This contains a prototype implementation of KB quality assessment approach (KBQ) using quality measures that are computed using a temporal analysis. KBQ written in R and present in R markdown file. Quality analysis report based on four quality characteristics: (i) Persistency (ii) Historical Persistency (iii) Consistency (iv) Completeness. We divided the report based on each quality characteristics. Also we presented DBpedia growth analysis measure.
(i) Persistency of a Classe is 1 if, on the KB releases (i=1....n) , En > (En-1) else Persistency = 0 Where En is the distnct entity of a class.
(ii) Historical Persistency of a Classe is 1 if, on the KB releases (i=1....n) , Persistency = 0 else historical persistency= 0 Where En is the distnct entity of a class.

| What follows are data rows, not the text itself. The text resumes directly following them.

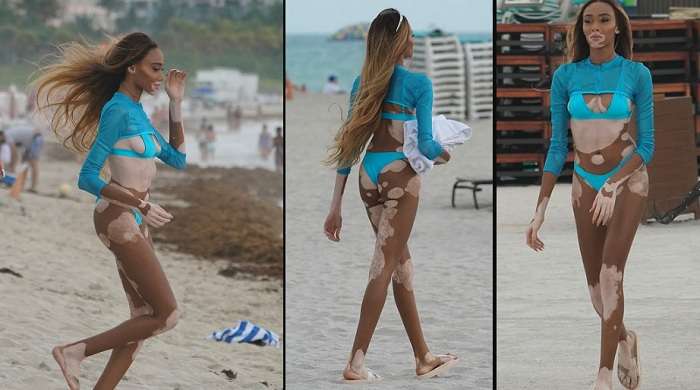 В Сети появились новые фото известной пятнистой модели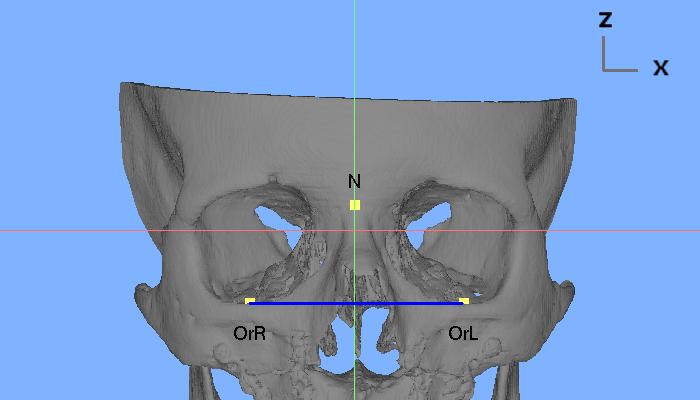 line six degrees above the horizontal plane S at the origin (a) 3D view. (b) Anterior view: OrR and OrL are at the same height. (c) Superior view: the S-N line is positioned in the midsagittal plane.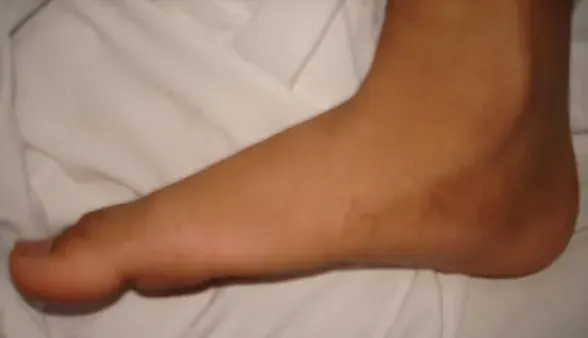 La carte Pied plat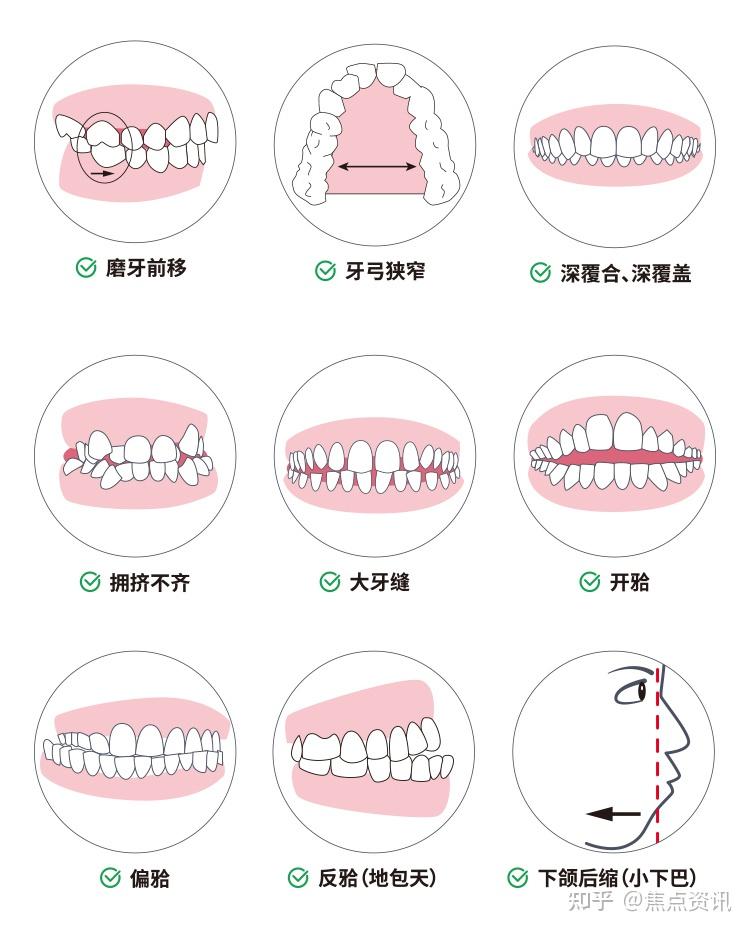 颌骨在哪里发育不良图片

(iii) Consistency of a predicate = 1 if frequency of a predicate fi > 100, where KB releases, i=1...n else Consistency = 0 ,if fi < 100.
(iv) Completeness of a predicate = 1 if normalized frequency of a predicate, fi> (fi-1) ; where Time Series, i=1....n. else Completeness = 0
(v) For KB growth we applied a Linear regression over the KB releases (i=1....n).
From the linear regression, We calculate the normalize distance.
The normalized distance(ND) = (abs(Last TimeSeries Entity Count - Predicted Value)/mean(abs(Residuals))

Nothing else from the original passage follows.